When implementing an iSCSI network you should be aware of the security risks that this imposes on the environment. To estimate the risk, awareness of the methods that can be used to secure iSCSI is paramount. The iSCSI protocol allows for the following security measures to prevent unintended or unauthorized access to storage resources:

  • Authorization
  • Authentication
  • Encryption

Because iSCSI setups are generally shared environments access to the storage elements (LUNs) by unauthorized initiators should be blocked. Authorization is implemented by means of the iQN. The iQN is the initiator node name (iSCSI Qualified Name), this can be seen as a mac-address. During an audit, storage systems must demonstrate controls to ensure that a server under one regime cannot access the storage assets of a server under another.
Typically, iSCSI storage arrays explicitly map initiators to specific target LUNs; an initiator authenticates not to the storage array, but to the specific storage asset it intends to use.

As an added security method, the iSCSI protocol allows initiators and targets to use CHAP to authenticate each other. This prevents simple access by spoofing the iQN. And last, because iSCSI runs on IP, IPSec can be used to secure and encrypt the data flowing between the client (initiator) and the storage server (target).

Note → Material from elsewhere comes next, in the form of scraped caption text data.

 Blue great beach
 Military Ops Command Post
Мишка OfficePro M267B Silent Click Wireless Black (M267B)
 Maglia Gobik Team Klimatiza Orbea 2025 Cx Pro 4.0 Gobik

Now that we know there are multiple ways to secure access to the storage resouces, you might conclude that iSCSI must be safe and secure to use. Unfortunately this is not evident. There are several flaws in the iSCSI security design:

  • iQN’s are trusted, but are easy to spoof, sniff and guessed
  • iSCSI authorization is the only required security method, and this uses only the iQN
  • Authentication is disabled by default
  • Authentication is (mostly) only implemented as CHAP
  • IPSec is difficult to implement

Because iQN’s are manually configured in the iSCSI driver on the client, it is easy to change them. To get access to a LUN that is only protected by a iQN restriction, you can sniff the communication to get the iQN, or guess the iQN as it is often a default string (eg.:, configure the iscsi driver to use this name and get access to the LUN.

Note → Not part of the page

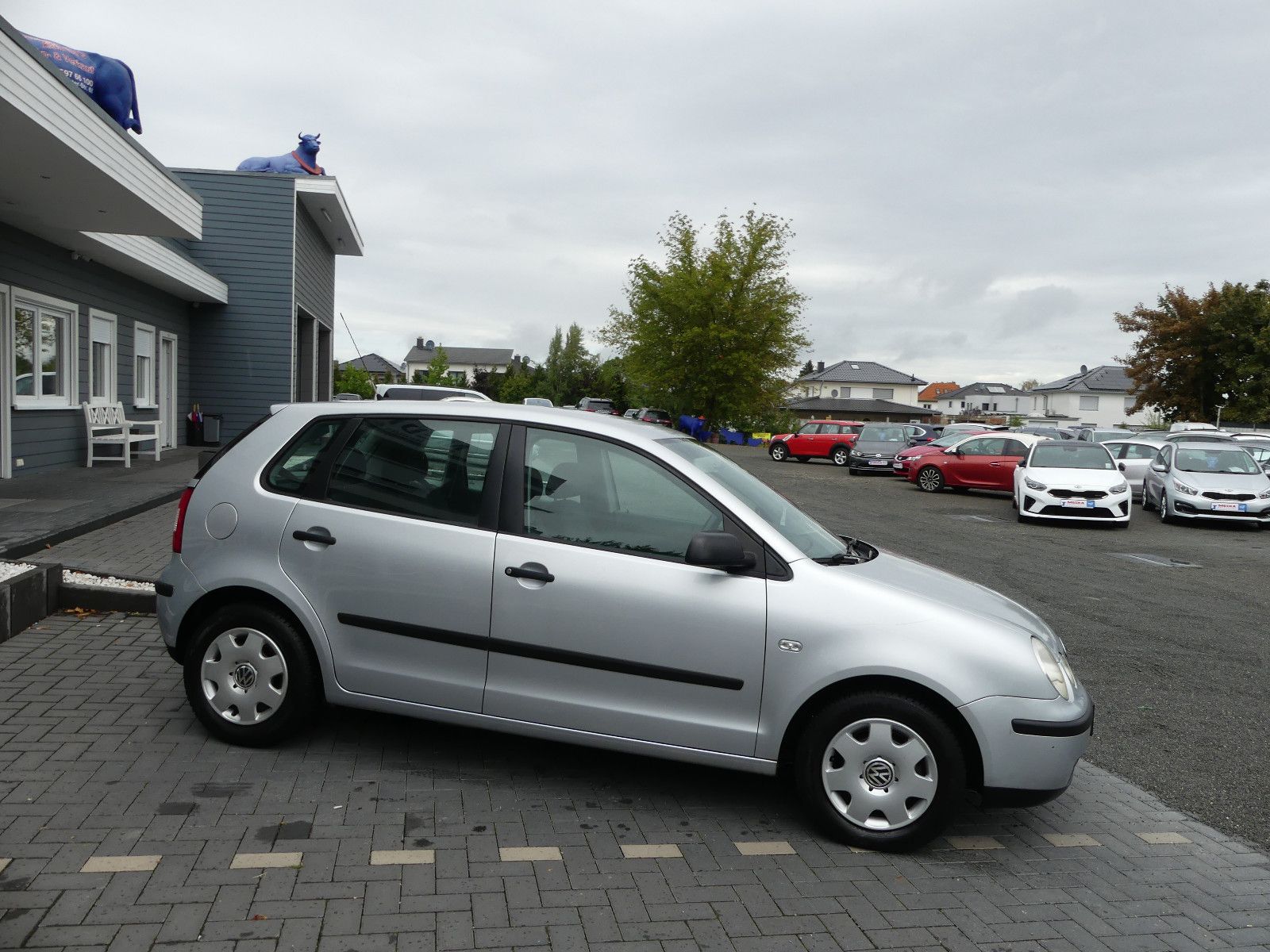Fahrzeugabbildung Volkswagen Polo 1.2 Basis"2.HAND"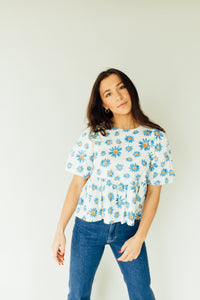 Flower Hour Top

The CHAP protocol is basically the only authentication mechanism that is supported by iSCSI vendors. The protocol allows for other mechanisms like Kerberos. The CHAP protocol is not a protocol know for its strong security on shared networks. The CHAP protocol is vulnerable to dictionary attacks, spoofing, or reflection attacks. Because the security issues with CHAP are well known, the RFC even mentions ways to deal with the limitations of CHAP (

While IPSec could stop or reduce most of the security issues outlined above, it is hard to implement and manage. Therefor not many administrators will feel the need to use it. It should not only be possible to make a secure network, it should also be made easy.

To reduce the risk, and make your iSCSI network as safe as possible, you should do the following:

  • Enable mutual (incoming/outgoing) authentication
  • Follow advice to secure CHAP
  • Enable CRC checksums
  • Do not only rely on iQN for authorization
  • Enable IPSec (if performance allows it)

Also vendors/distributors should enable authentication by default, and add other authentication mechanisms to the iSCSI target and initiator software.